第十八話:眠り薬の夜と、師を想う稽古【前編】
「イザベル隊長、すぐにその『赤鶏の酒場』へ向かうのですか?」
逸る気持ちを抑えきれずにセレスが尋ねるが、イザベルは、静かに首を横に振った。
「いえ。今夜は動きません。我々はあの夜襲騒動以来まともに眠れていません。疲労した状態で性急に動けば、必ず隙が生まれます」
(でも……)と言いたげなセレスの気持ちを正面から受け止めたうえで、イザベルは彼女を説得する。
「私たちは今から宿に戻り休みます。騎士団で使う、行軍中に高ぶる気持ちを抑えて休息をとるための、眠り薬があります。今夜はそれを飲んで明日の夜に備えるのです。そして万全の状態で、確実にあの男を捕らえます」
イザベルの豊富な経験を感じさせる冷静な判断に、セレスはぐっと言葉を呑んだ。ライルを救いたい一心で、自分の視野が狭くなっていたことに気づかされたのだ。
「……分かりました」
イザベルが励ますように言葉を続ける。
「しっかり休んだ後、明日の夜、『赤鶏の酒場』でカールスを監視します。ですが、店の中では決して仕掛けません。騒ぎを起こすのは得策ではない。我々は、彼が店を出て、一人になったところを尾行する。
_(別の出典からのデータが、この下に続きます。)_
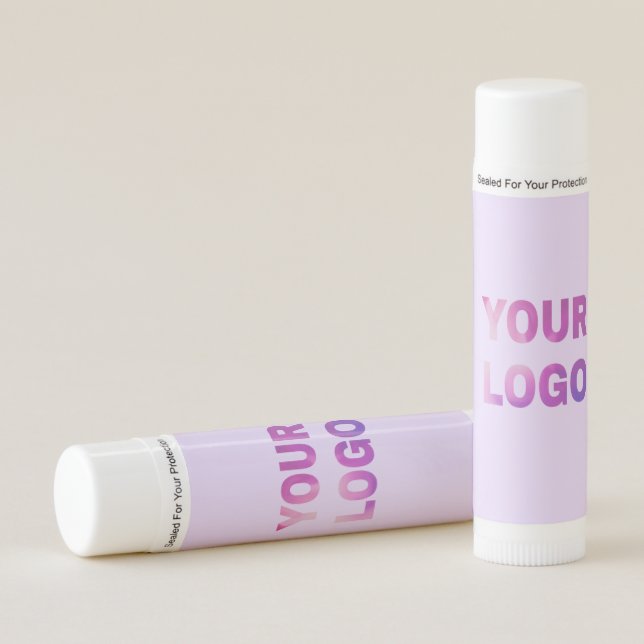 simple minimal add your logo/design here text      lip balm (Front)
そして、人気のない場所で、静かに身柄を確保します」
これから何をするのかが明確になったことで、セレスの瞳に力が戻っていた。
「はい」
セレスは、今度は力強く頷いた。
宿に帰ると、ギデオンからの伝言を確認したが、何も残されていなかった。恐らく伝手を辿って駆け回っているのだろうとセレスは思った。
王都にはかつての教え子が少なくない。必ずなにか有益な情報を持ってきてくれると信じていた。
ベットを整えているセレスにイザベルが声を掛けた。
「セレスティア殿、これを」
手のひらに小さな白い球が二つ乗っていた。
「さっきお話した眠り薬です。ギデオン様が用意してくれたこの宿であれば、寝ずの番は立てずに二人とも寝られるでしょう」
そう言うとイザベルは一つを口に含み水で流し込んだ。飲んでも安全だと示すためだろう。セレスは頷き残りの一つを手に取るが飲むのを躊躇う。
「私も飲んだので心配する必要はありません。水がなくても飲めますが、あったほうが飲みやすいでしょう」
そう言って水を勧めた。セレスは少し慌てて答える。
「いえ、イザベル隊長を疑っているわけではありません。……その、寝る前に少しやっておきたいことがあるのです」
「寝る前にやっておきたいこと?」
セレスは少し恥ずかしそうにイザベルを見ると、
「ライル様から教えて頂いた稽古です。少しでも近づきたくて、毎晩やっています」
と言った。
イザベルの蒼色の瞳がキラリと輝いた。